Saved data entries
+---+

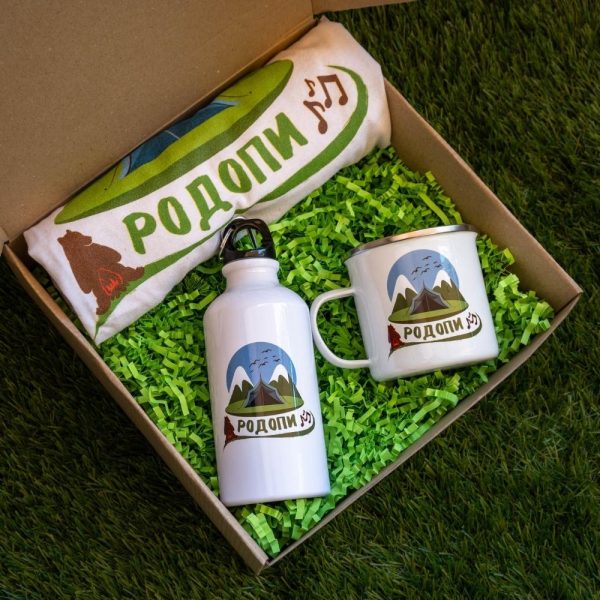 Hiking gift set featuring an enamel mug, aluminum bottle, and cotton T-shirt with a Rhodope Mountains-inspired design.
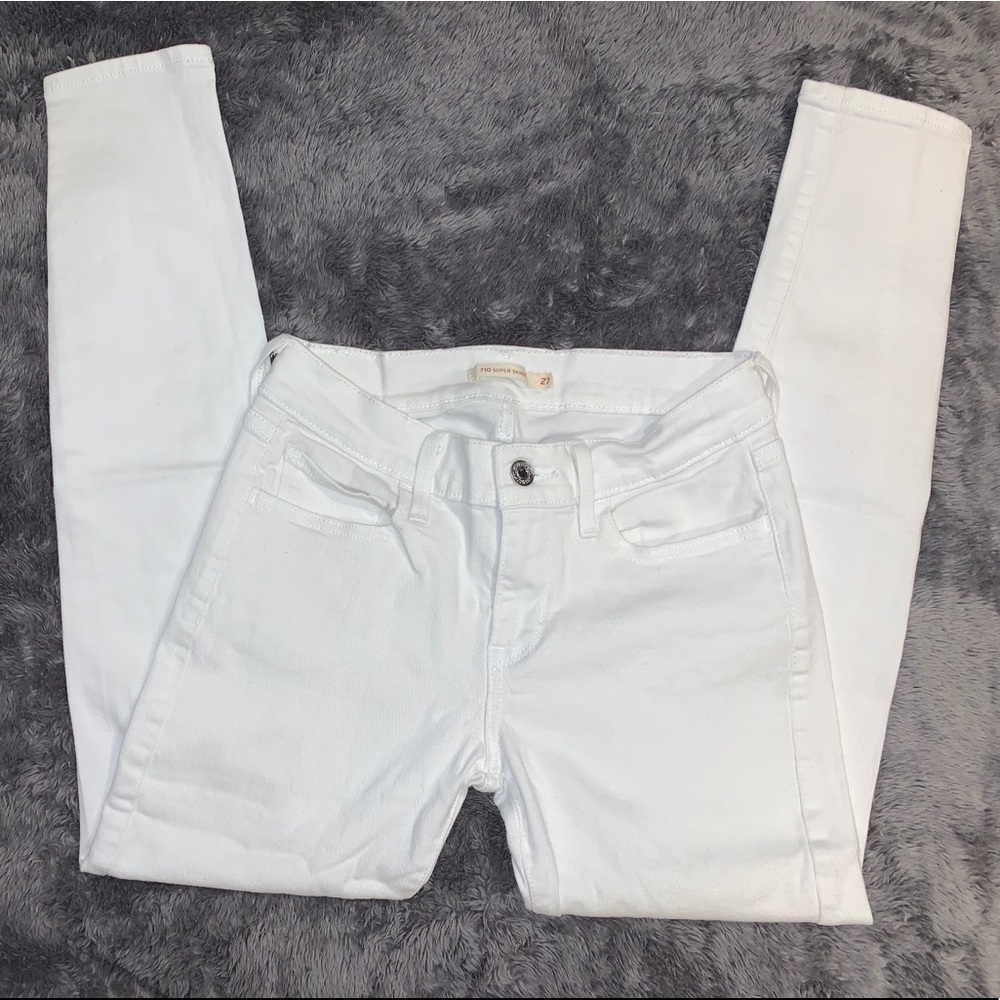 Levi’s Jeans!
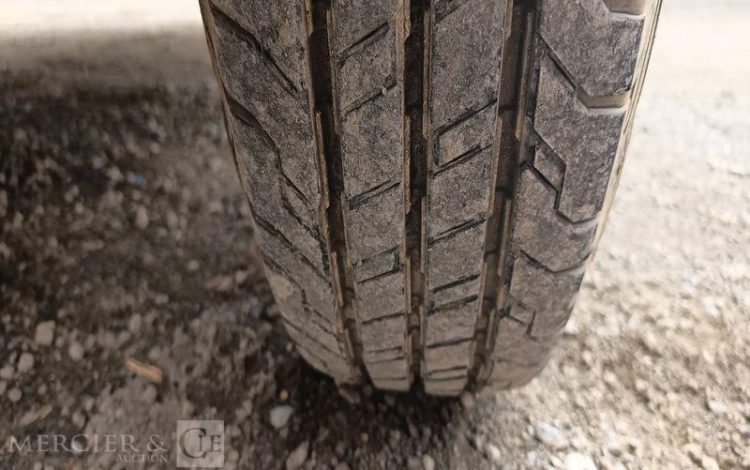 HUBIERE REMORQUE PORTE ENGIN 2 ESSIEUS – PTAC : 3,5 TONNES –  FG-954-HQ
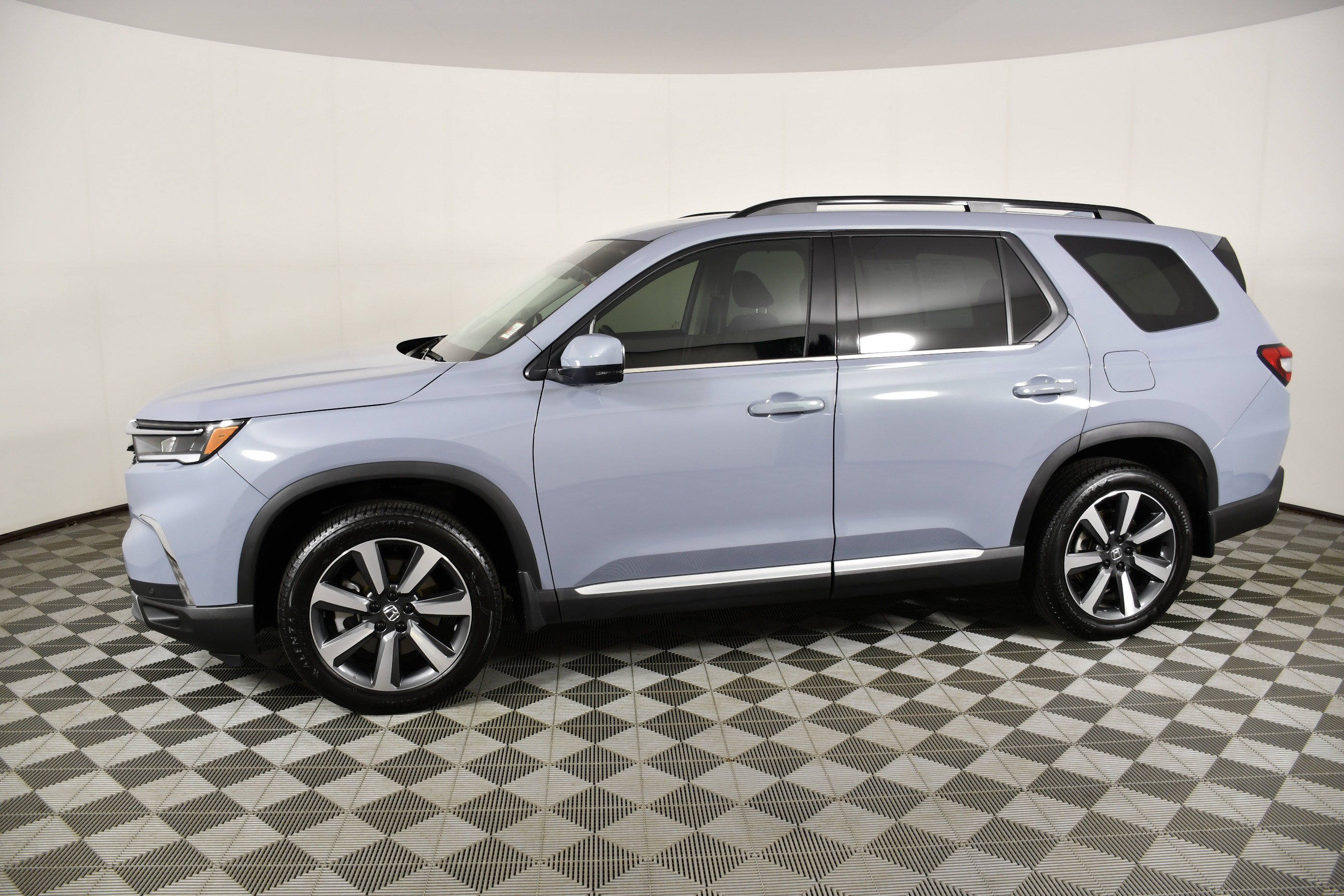 Certified Used 2025 Sonic Gray Pearl Honda AWD TRG image 9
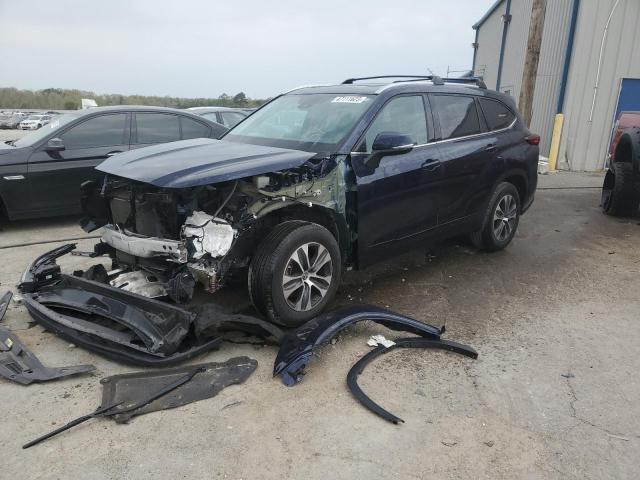 5TDGZRAH3MS059978 - 2021 TOYOTA HIGHLANDER XLE BLUE photo 1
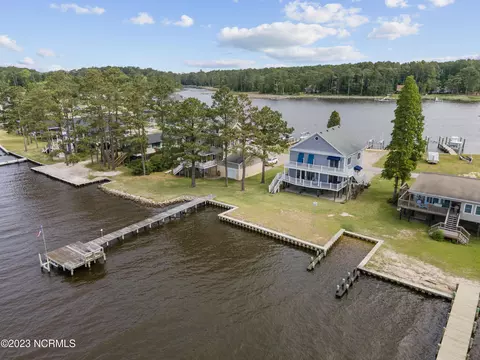 410 Queen Anne Dr, Bath, NC 27808
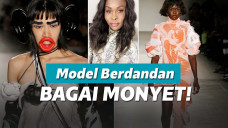 Model diminta pakai aksesoris mirip monyet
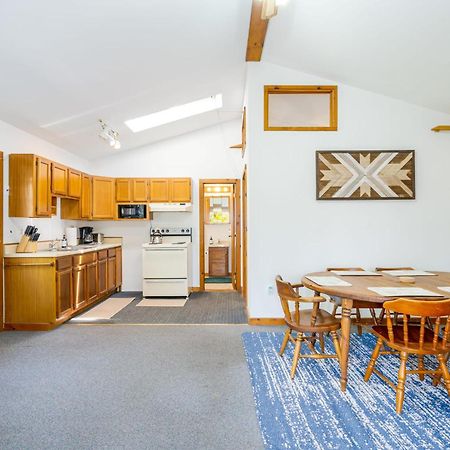 River Access Cabin With Hot Tub, Fire Pit, & Wifi! Morton Grove Eksteriør billede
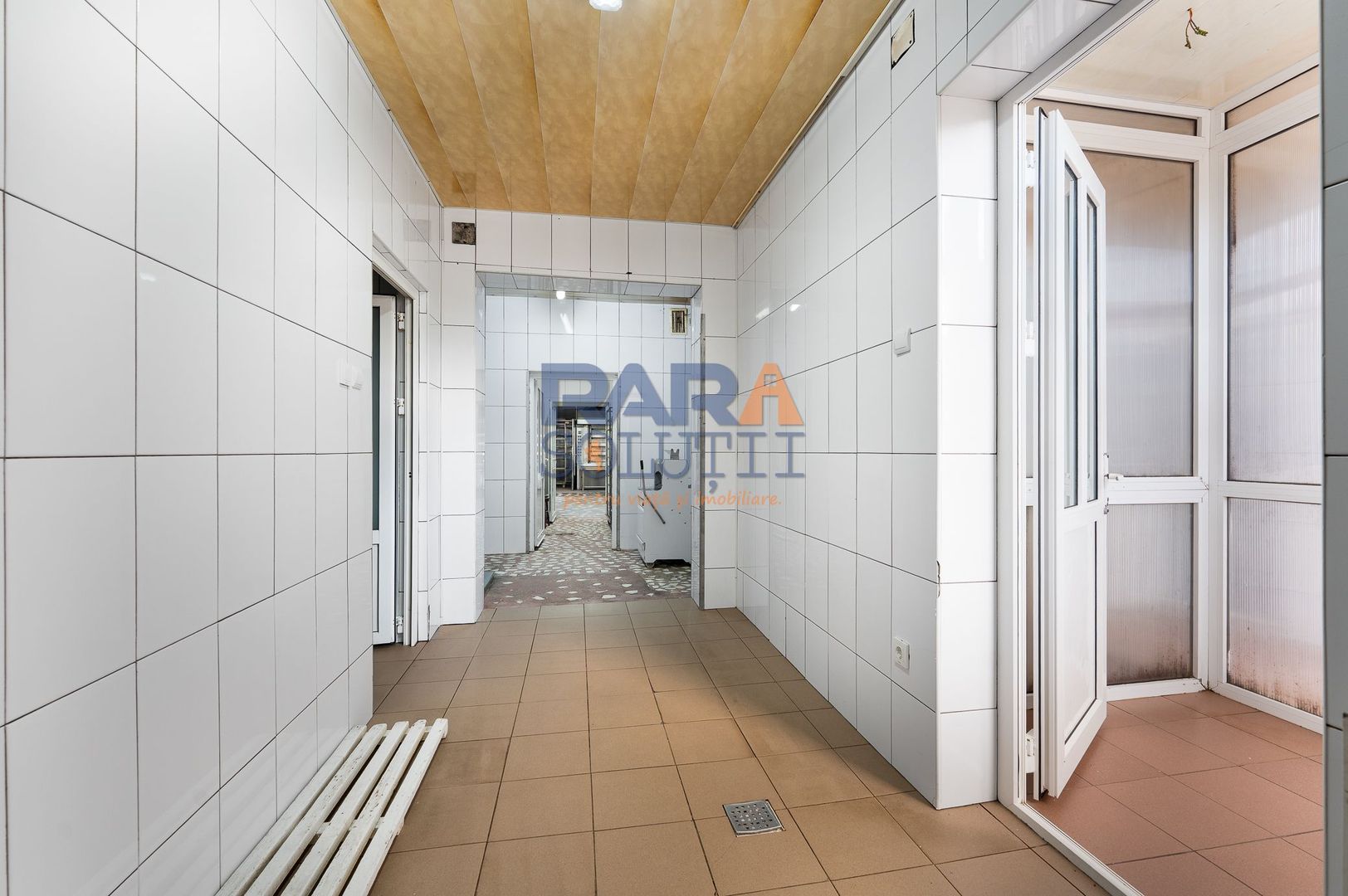 Spațiu de producție cu dotări complete: brutărie, patiserie și magazin - Poză 12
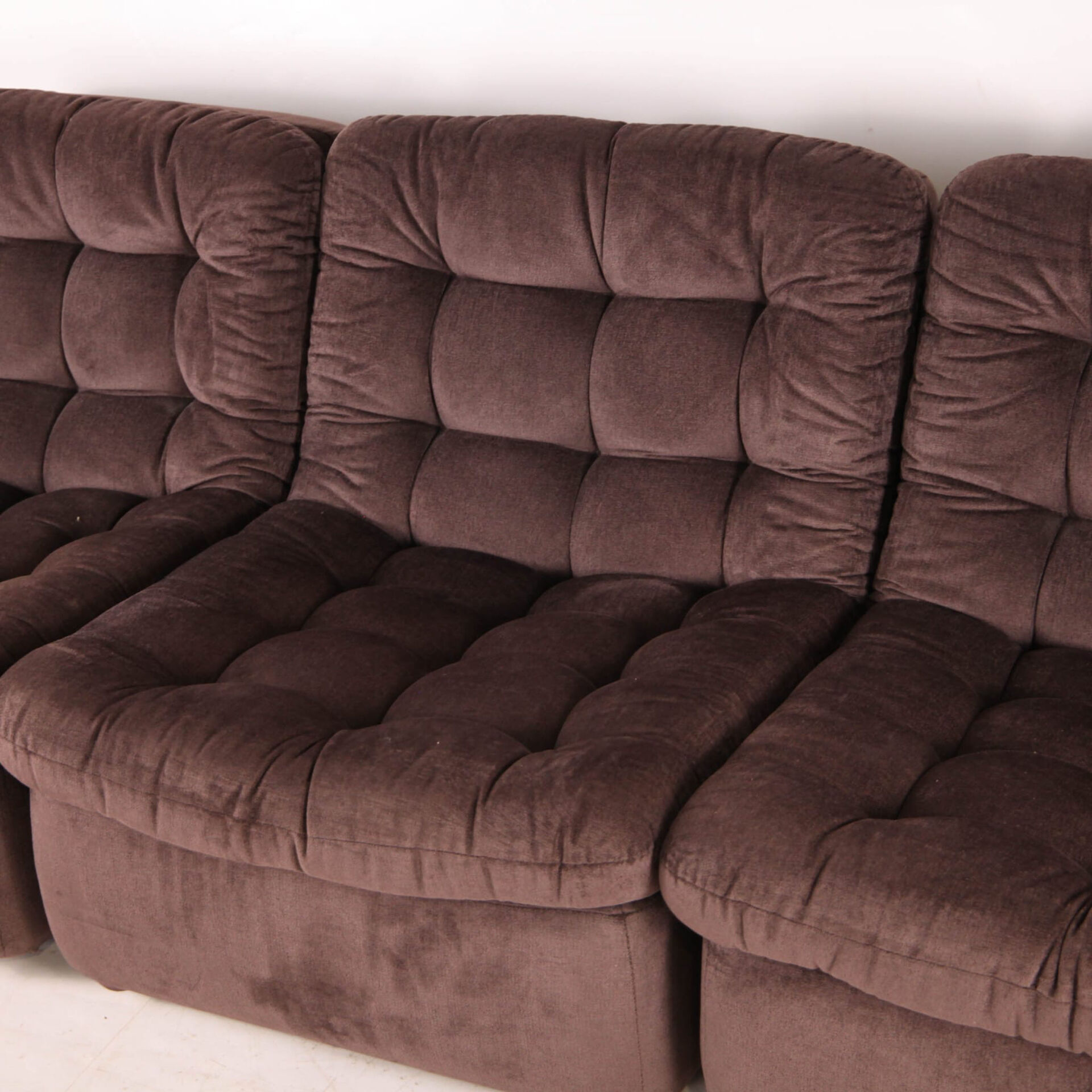Modular fabric sofa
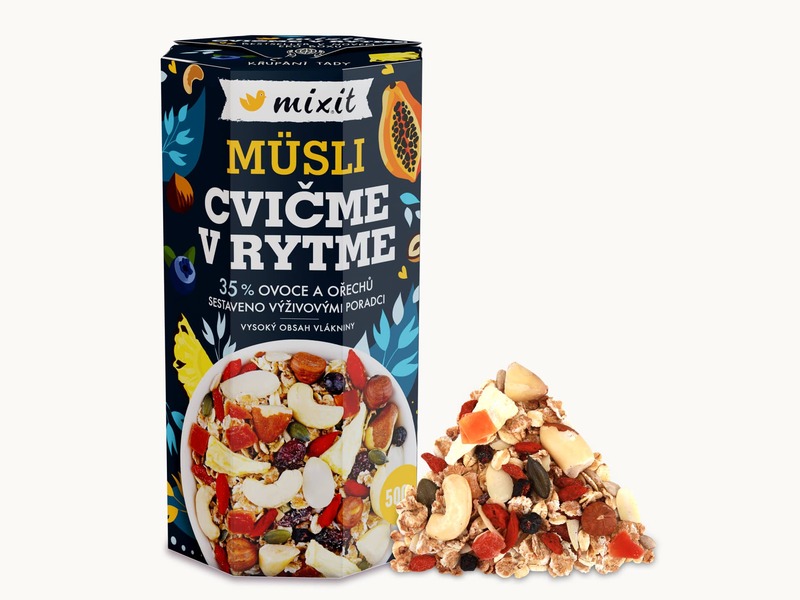 Fitnesz müzli diófélékkel és gyümölcsökkel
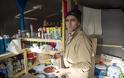 Mohammed Safi: Ο Αφγανός πρόσφυγας που έγινε σεφ με εστιατόριο στον καταυλισμό του Καλαί - Φωτογραφία 2
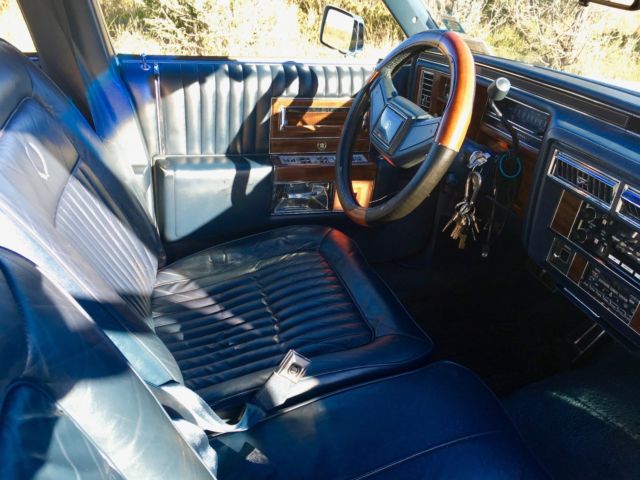 1989 Cadillac Brougham - photo 9
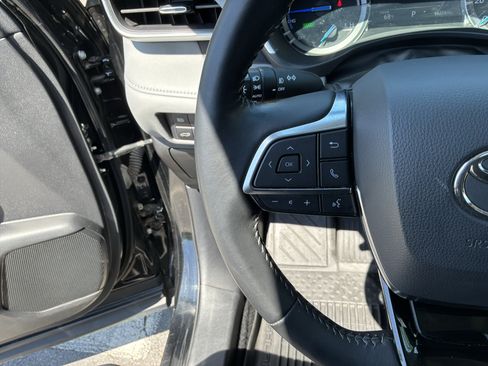 Used 2021 Toyota Highlander XLE FWD image 19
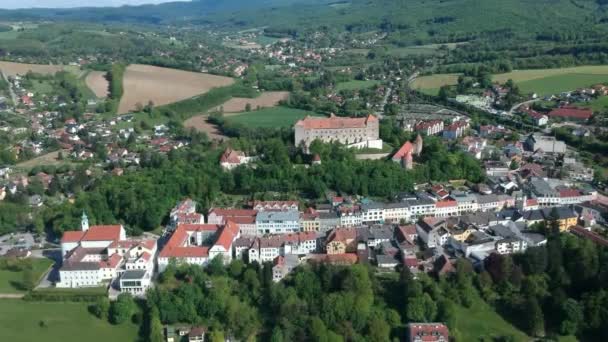 オーストリアのウィーン近くのヌルエンバッハ市の土地に関する空撮 — ストック動画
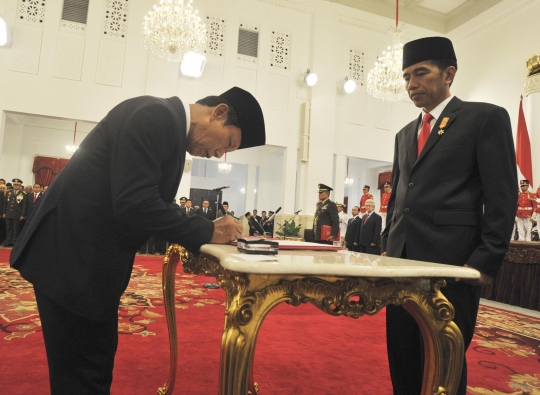 Jokowi pimpin pelantikan Sutiyoso sebagai Kepala BIN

+---+

**Exercise prompt**
Every line between the one containing "410 Queen Anne Dr, Bath, NC 27808" and the last line of the data above, both included, should be copied exactly, but not the pictures.

**Written solution**
 410 Queen Anne Dr, Bath, NC 27808
 Model diminta pakai aksesoris mirip monyet
 River Access Cabin With Hot Tub, Fire Pit, & Wifi! Morton Grove Eksteriør billede
 Spațiu de producție cu dotări complete: brutărie, patiserie și magazin - Poză 12
Modular fabric sofa
 Fitnesz müzli diófélékkel és gyümölcsökkel
 Mohammed Safi: Ο Αφγανός πρόσφυγας που έγινε σεφ με εστιατόριο στον καταυλισμό του Καλαί - Φωτογραφία 2
 1989 Cadillac Brougham - photo 9
 Used 2021 Toyota Highlander XLE FWD image 19
 オーストリアのウィーン近くのヌルエンバッハ市の土地に関する空撮 — ストック動画
 Jokowi pimpin pelantikan Sutiyoso sebagai Kepala BIN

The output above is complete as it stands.